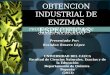 Obtencion industrial de enzimas especificas Presentacion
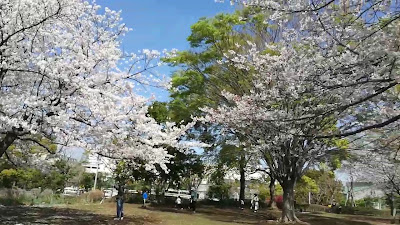 나기사 공원 사진 5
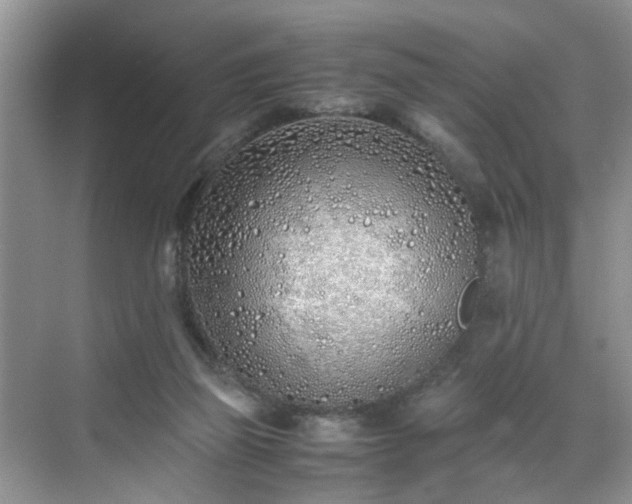 X0000070430165200606161513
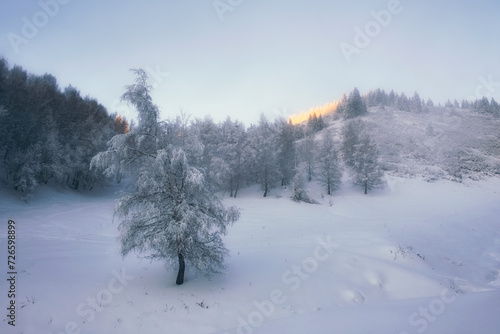 gentle morning winter mountain landscape in the mountains with rising sun photo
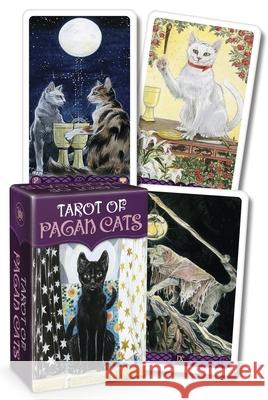 Tarot of Pagan Cats Mini Deck Messina, Magdelina 9780738769745 Llewellyn Publications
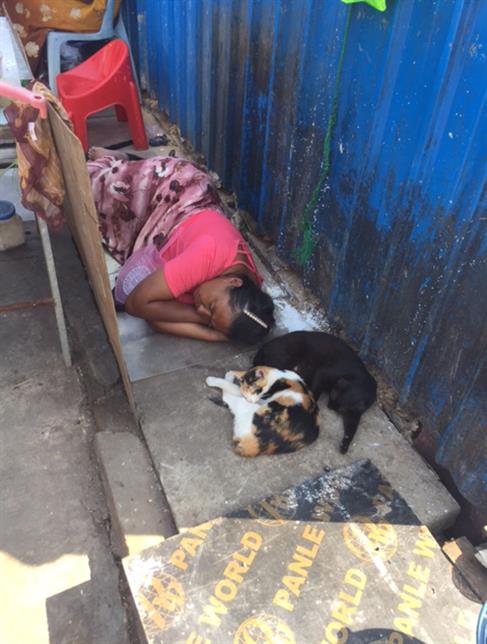 SEAM Foundation Donate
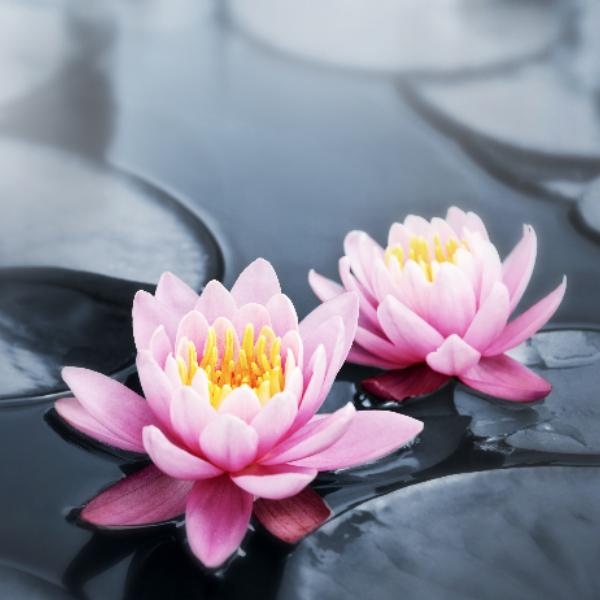 photo-1445384763658-0400939829cd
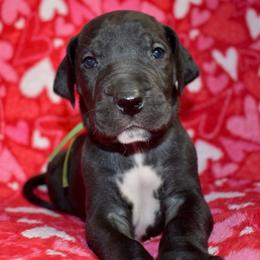 Maker's Mark - Black and white male Great Dane puppy in Chapmansboro, Tennessee from Balthrop Bend Farms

#####

What you should do: Exact copies of the entries above are needed, without their pictures.

Written solution:
 Obtencion industrial de enzimas especificas Presentacion
 나기사 공원 사진 5
 X0000070430165200606161513
 gentle morning winter mountain landscape in the mountains with rising sun photo
 Tarot of Pagan Cats Mini Deck Messina, Magdelina 9780738769745 Llewellyn Publications
 SEAM Foundation Donate
 photo-1445384763658-0400939829cd
 Maker's Mark - Black and white male Great Dane puppy in Chapmansboro, Tennessee from Balthrop Bend Farms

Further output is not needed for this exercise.